The merger will see the new company taking the number one spot in the British telecoms sector "with a 34% market share compared with BT's 32%," it said.
The tie-up could also have repercussions for Vodafone, another telecoms heavyweight, which at the start of 2019 inked a 5G network sharing agreement with O2.
For Telefonica, the deal offers an alternative solution for O2 whose planned flotation on the London Stock Exchange was shelved in late 2018 until after Britain's departure from the EU.
"Liberty Global will make a cash payment to Telefonica of £2.5 billion," Telefonica said in a statement to analysts, adding that the deal would allow the group to reduce its mountain of financial debt by between £5.5 billion and £5.8 billion.

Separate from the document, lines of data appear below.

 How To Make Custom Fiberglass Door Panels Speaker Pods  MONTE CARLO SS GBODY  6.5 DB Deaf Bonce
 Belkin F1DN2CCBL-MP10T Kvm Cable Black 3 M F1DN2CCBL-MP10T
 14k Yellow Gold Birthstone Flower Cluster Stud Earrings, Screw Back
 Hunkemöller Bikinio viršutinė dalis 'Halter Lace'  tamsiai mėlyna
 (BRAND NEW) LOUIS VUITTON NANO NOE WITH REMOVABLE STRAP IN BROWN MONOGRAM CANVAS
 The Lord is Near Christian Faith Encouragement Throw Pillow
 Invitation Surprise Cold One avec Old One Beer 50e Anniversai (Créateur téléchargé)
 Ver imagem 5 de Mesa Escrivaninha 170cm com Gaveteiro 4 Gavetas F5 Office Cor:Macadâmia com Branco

By the end of March, the heavily-indebted telecoms giant had a debt pile of around 38.2 billion euros.
The merger announcement comes 6 months after Telefonica announced a restructuring to focus on its key markets in Spain, Britain, Germany, and Brazil while spinning off its Latin American operations through a separate unit.
The change in strategy came after a year in which the company posted a 66% slide in net profit.
Telefonica also announced its 1st quarter results on Thursday, saying net profit fell 56% to 406 million euros compared with the same period last year when it benefited from exceptional items.
Revenue dipped by 5%, notably due to depreciation of the Brazilian real against the euro.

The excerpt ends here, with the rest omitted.